1. Do you want to create an account (Y/N)
2. Do you want to share your data (Y/N)
These two questions allow for a division of your customer base into four groups, a self-selecting segmentation that both gives the customer what they want and gives you clean, clear, unambiguous knowledge as to how they feel about data sharing. Think back to middle school algebra to the Cartesian plane with its four quadrants, then take a look at our extremely professional graphic below, and you’ll see what we mean.
Lower Left Quadrant – No account creation, no tracking permitted (The “Ghost”)
In this sector, the user opts against registering for an account and against being tracked. We have placed this in the first quadrant because this must be the default setting for every user who visits a website or downloads an app. If the app is not useable without the creation of an account or tracking or some kind, then the most minimal amount of data collection possible must be the starting place.
In this way, XYZ Co. avoids the paradox of relying on the terms and conditions of their website to infer consent from a user who came to the website without reading the terms and conditions. This anomaly will soon be, itself, a violation of privacy law, as explained by supervisory authorities in the UK and France. In addition, it allows for the user to decide, at the beginning of their experience, the degree to which they want to share data.
While this may invite criticism that a user may wish to share very little data (or none at all), there are two important responses: 1) the user is in control of their data anyway, and don’t owe it to XYZ to share, and 2) given that the user has just downloaded the app or visited the website, they are highly likely to already be engaged and positive about XYZ’s product or services, which means they’re more likely to want to share. The irony of the traditional method to data collection is that it exploits user trust at the very moment when they have the most trust to share. By reversing that approach and offering the user control at the early stage, XYZ is able to make privacy and respect for personal data a feature of the product itself, rather than an afterthought.

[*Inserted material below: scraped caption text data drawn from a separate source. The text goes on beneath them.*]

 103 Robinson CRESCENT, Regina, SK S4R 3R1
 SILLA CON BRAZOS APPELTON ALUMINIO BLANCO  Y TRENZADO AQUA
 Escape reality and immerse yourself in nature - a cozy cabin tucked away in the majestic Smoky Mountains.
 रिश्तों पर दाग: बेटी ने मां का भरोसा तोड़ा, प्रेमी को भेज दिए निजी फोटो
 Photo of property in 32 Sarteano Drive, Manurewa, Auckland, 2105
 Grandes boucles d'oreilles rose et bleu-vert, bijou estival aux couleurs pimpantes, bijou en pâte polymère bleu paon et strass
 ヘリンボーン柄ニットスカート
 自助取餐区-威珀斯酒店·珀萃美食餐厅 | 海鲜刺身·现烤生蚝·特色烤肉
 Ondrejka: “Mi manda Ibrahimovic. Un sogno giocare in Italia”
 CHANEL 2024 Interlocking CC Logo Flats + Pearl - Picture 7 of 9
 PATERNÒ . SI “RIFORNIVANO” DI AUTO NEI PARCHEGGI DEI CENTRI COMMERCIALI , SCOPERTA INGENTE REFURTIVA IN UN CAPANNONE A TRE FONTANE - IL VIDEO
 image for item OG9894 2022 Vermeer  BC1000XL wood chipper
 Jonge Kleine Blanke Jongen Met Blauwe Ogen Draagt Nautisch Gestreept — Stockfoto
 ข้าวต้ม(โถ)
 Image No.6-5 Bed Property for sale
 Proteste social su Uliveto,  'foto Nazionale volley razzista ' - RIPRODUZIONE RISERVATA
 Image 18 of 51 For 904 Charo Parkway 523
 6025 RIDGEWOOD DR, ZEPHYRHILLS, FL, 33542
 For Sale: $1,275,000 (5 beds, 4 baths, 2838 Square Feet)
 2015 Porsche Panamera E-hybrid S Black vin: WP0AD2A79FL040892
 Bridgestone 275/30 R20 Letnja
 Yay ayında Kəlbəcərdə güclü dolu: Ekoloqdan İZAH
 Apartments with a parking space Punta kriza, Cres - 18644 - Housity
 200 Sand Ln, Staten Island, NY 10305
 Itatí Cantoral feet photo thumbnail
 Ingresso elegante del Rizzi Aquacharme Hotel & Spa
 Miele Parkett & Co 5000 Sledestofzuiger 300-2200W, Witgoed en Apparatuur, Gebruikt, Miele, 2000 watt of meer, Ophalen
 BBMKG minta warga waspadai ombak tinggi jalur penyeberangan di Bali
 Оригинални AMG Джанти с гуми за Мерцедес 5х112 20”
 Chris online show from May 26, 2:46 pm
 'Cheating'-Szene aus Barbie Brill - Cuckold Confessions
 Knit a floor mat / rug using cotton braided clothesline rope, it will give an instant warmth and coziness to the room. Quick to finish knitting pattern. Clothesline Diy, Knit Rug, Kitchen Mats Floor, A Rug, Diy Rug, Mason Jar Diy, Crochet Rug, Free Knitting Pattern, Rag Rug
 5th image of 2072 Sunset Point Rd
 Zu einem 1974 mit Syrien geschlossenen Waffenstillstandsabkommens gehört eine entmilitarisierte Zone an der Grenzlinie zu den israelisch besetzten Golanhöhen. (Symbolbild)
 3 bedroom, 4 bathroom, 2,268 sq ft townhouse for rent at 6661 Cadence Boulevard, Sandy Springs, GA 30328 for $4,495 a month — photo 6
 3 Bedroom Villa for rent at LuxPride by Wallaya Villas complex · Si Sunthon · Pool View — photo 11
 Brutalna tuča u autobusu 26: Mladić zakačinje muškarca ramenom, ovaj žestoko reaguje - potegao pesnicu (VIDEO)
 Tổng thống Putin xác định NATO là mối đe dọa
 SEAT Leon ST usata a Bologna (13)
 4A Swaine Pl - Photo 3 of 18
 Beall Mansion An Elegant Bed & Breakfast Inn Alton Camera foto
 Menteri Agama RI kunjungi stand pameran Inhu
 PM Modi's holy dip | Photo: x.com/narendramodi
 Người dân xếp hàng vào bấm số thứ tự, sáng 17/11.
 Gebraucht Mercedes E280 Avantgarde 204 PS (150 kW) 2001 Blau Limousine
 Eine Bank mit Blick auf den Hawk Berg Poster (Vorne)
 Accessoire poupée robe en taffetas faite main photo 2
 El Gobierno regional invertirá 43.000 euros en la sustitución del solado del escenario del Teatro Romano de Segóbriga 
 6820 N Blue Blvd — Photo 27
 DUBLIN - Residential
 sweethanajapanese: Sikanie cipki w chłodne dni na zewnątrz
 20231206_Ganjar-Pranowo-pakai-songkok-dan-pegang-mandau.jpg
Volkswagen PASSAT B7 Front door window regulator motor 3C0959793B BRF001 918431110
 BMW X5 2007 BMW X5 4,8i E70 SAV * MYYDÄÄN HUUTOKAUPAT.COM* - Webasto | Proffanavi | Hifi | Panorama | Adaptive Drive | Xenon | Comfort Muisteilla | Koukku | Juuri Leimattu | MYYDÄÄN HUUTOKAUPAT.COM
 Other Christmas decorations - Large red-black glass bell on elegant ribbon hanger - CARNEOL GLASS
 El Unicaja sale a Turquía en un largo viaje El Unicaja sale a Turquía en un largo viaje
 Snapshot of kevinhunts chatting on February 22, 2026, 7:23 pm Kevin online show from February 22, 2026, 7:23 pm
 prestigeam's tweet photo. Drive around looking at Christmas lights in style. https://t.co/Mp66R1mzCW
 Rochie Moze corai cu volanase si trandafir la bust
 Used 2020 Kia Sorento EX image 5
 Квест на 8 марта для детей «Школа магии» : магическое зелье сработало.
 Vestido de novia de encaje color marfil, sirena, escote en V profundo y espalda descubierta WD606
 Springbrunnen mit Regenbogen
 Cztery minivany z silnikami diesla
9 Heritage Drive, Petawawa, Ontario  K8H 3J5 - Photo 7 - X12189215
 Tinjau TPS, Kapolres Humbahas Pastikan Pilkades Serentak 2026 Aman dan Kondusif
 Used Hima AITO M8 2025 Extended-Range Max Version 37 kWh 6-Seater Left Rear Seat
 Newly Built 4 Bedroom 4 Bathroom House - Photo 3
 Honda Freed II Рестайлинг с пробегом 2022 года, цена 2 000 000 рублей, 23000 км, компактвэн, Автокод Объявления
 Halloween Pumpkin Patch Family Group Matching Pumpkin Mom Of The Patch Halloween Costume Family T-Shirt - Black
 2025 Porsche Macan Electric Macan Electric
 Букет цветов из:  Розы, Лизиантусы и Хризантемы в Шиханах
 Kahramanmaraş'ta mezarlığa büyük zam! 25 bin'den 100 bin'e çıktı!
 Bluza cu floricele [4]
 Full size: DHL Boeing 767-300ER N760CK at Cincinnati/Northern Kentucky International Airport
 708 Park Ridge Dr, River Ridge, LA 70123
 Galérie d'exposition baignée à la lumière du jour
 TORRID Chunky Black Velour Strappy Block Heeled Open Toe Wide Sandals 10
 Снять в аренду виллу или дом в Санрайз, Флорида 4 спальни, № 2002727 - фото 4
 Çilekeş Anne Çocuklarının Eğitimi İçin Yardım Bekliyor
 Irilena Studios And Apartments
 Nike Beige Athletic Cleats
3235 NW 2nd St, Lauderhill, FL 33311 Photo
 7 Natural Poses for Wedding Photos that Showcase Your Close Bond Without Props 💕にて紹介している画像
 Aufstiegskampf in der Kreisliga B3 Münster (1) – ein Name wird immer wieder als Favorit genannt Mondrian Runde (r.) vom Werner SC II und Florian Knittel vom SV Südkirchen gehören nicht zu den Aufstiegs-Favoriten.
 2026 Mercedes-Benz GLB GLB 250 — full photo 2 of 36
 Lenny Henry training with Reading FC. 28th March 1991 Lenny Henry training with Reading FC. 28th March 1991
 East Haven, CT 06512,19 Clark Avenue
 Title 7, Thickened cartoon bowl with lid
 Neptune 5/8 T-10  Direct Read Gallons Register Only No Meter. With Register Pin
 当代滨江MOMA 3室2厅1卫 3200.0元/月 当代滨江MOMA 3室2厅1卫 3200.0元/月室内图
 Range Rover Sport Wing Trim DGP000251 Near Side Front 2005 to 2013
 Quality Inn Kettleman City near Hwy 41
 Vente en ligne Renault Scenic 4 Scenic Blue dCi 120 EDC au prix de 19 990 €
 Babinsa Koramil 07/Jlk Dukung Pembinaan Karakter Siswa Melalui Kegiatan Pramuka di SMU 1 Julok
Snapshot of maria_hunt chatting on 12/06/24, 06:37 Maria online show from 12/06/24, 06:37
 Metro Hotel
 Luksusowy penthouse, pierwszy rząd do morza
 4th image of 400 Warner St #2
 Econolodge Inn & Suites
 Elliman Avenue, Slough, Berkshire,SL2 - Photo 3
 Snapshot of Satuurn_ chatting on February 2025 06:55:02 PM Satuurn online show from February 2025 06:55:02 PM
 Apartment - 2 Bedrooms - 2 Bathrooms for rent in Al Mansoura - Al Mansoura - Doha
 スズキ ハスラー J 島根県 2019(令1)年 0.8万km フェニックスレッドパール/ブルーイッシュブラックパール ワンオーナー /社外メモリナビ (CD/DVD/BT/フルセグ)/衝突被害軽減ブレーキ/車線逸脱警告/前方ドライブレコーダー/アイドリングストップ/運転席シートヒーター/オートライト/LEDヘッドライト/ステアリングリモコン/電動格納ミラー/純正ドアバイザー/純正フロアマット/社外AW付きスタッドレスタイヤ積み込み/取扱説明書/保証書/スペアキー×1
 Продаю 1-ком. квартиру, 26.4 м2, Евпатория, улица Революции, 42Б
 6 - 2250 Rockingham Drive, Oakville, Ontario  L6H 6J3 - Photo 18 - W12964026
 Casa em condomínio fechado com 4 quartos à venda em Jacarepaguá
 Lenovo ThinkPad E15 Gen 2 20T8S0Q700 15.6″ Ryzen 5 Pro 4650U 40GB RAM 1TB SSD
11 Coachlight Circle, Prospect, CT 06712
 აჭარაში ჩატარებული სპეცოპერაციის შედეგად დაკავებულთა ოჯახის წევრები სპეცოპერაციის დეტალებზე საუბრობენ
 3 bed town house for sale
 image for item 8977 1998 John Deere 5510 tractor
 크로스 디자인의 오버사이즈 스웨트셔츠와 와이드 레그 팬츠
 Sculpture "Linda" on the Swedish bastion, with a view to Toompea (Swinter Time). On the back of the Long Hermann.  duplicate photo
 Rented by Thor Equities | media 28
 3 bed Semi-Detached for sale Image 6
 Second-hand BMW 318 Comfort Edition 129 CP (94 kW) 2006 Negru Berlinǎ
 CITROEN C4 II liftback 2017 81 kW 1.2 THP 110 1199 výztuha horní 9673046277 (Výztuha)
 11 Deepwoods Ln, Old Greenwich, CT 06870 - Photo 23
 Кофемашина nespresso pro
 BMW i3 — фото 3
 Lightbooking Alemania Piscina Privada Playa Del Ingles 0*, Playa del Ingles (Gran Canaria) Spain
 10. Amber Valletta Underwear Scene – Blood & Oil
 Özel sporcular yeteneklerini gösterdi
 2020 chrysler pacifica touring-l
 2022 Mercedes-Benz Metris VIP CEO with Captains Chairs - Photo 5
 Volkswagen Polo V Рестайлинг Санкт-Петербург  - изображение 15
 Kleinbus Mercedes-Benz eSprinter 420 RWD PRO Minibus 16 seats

Upper Left Quadrant – Account creation, no tracking permitted. (The “Beta Tester”)
This quadrant represents those individuals who opt for the benefits of an account with XYZ Co but who do not want the relationship to go further. In essence, this is a purely transactional relationship, likely governed by GDPR art. 6(1)(b). The user provides all the data necessary to receive the benefits of their account (including, in most cases, contact and payment information). XYZ has the right to engage with the user to provide any information about their account, services, or goods. And, contrary to much of the hype from would-be GDPR “experts,” XYZ will be able to directly market to customers who sign up for an account, because direct marketing to existing customers is one of XYZ’s “legitimate interests.” As long as the customer has the right to opt-out, there is no problem with direct marketing. (See GDPR art. Art 6 & rec. 47 (“The processing of personal data for direct marketing purposes may be regarded as carried out for a legitimate interest.”).
Lower Right Quadrant – No Account creation, tracking permitted. (The “Meh”)
This quadrant is most useful when XYZ Co. has an app, although it is also allows for tracking on a site while a user visits, as with the traditional approach to session cookies. But in the standard case, this is a framework for app users who wish to obtain the benefits of XYZ tracking their activity without becoming a formalized accountholder.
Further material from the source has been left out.